Editorial: Curbing speech

A hastily passed policy on the use of social media by state university faculty and staff raises questions about the importance of free speech and academic freedom.

Do you suppose the advent of radio also sent state university officials into a panic?

After all, that new form of communication made it possible for a comment that “adversely affects” the university to be broadcast instantly over hundreds of miles. It wasn’t like a faculty member was standing on the corner holding a sign.

That raises an interesting question concerning the social media policy approved last week by the Kansas Board of Regents. The new policy says that the chief executive officer of a state university can “suspend, dismiss or terminate” a faculty or staff member who posts an ill-advised message on Facebook, Twitter, YouTube or other social media. What if they put the same message on a sign or a poster?

The regents acknowledged that their concern about social media was related to September’s flap over a Twitter post by Kansas University professor David Guth, but they said they didn’t feel pressured by state legislators, even though comments from legislators at the time included at least one threat to defund KU. The fact that the policy was hastily approved — without discussion with university faculty or staff representatives — just a couple of weeks before the opening of the legislative session nonetheless suggests that the regents saw some urgency to get a statement on the books.

For whatever reason, the regents decided now was the time to write social media into its policies. They put it under “suspensions, terminations and dismissals” — right after the policy that allows a university CEO to dismiss any employee, including a tenured faculty member who has been charged with or convicted of a felony.

Really? Just below a felony?

The response from university faculty members was quick and understandable. Although the Regents chairman describe this as “a very narrowly drawn policy,” the policy gives university CEOs broad authority to dole out discipline for “improper use of social media,” which also is broadly defined to include anything that “adversely affects the university’s ability to efficiently provide services.”

There is no specific mention of academic freedom or protections for tenured faculty, although individual universities must establish a grievance procedure to allow faculty and staff to appeal a CEO’s decision. As a KU professor, who also is state conference president for the American Association of University Professors, noted, the new policy is “fraught with potential for abuse.”

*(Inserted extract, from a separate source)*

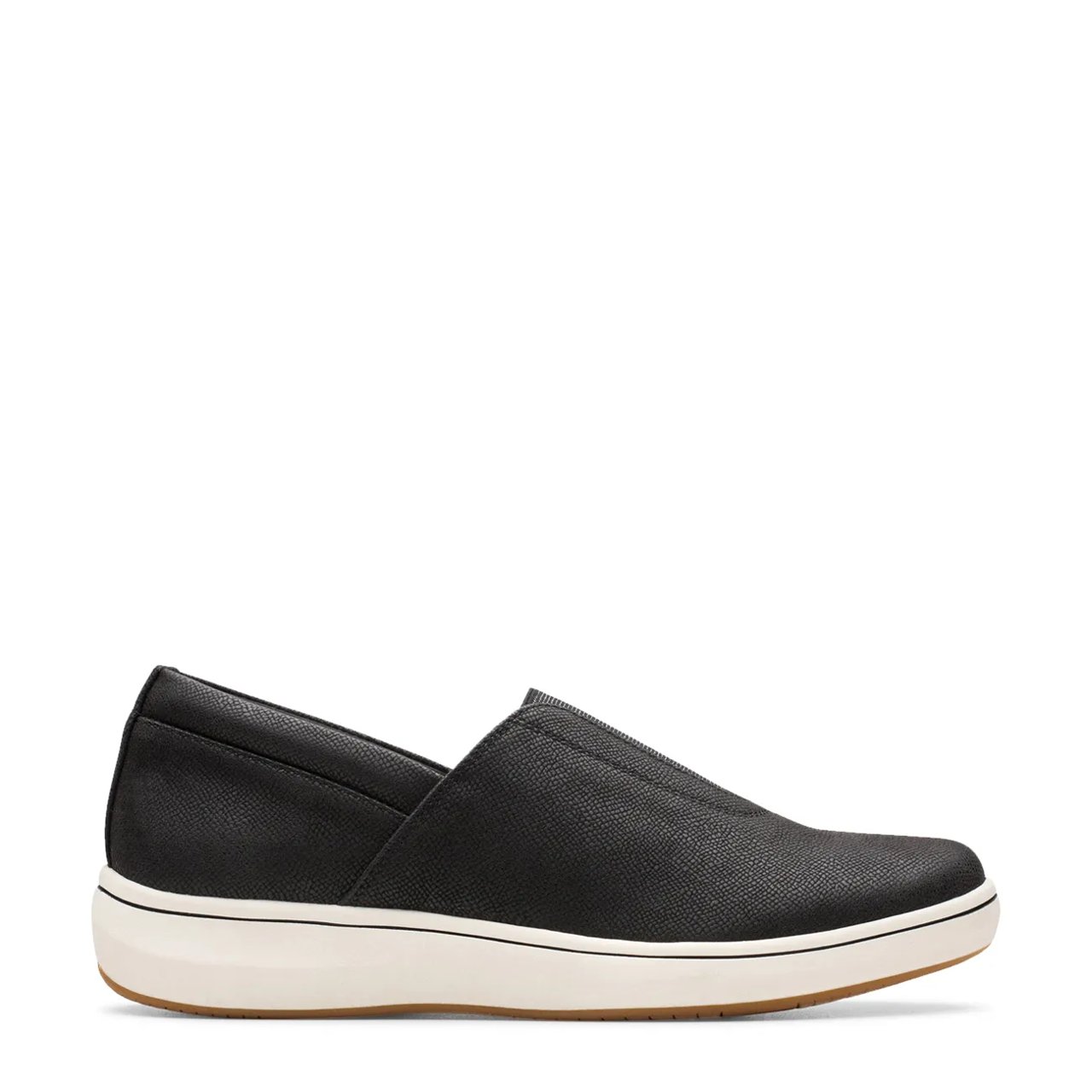 Women's BreezeSky Ria Slip-On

Whatever threat is posed by social media at state universities should be balanced against the threat of those universities becoming known as places that don’t tolerate the free flow of ideas among their faculty and staff. The possibility that the policy could affect universities’ ability to recruit and retain top faculty members seems like a reasonable concern.

There is no place where free speech and the freedom to discuss both popular and unpopular ideas is more important than on a university campus. Regents are concerned about social media, but there is nothing they could do that would be worse for the reputation of state universities than to enforce a policy that infringes on the free flow of ideas at those schools.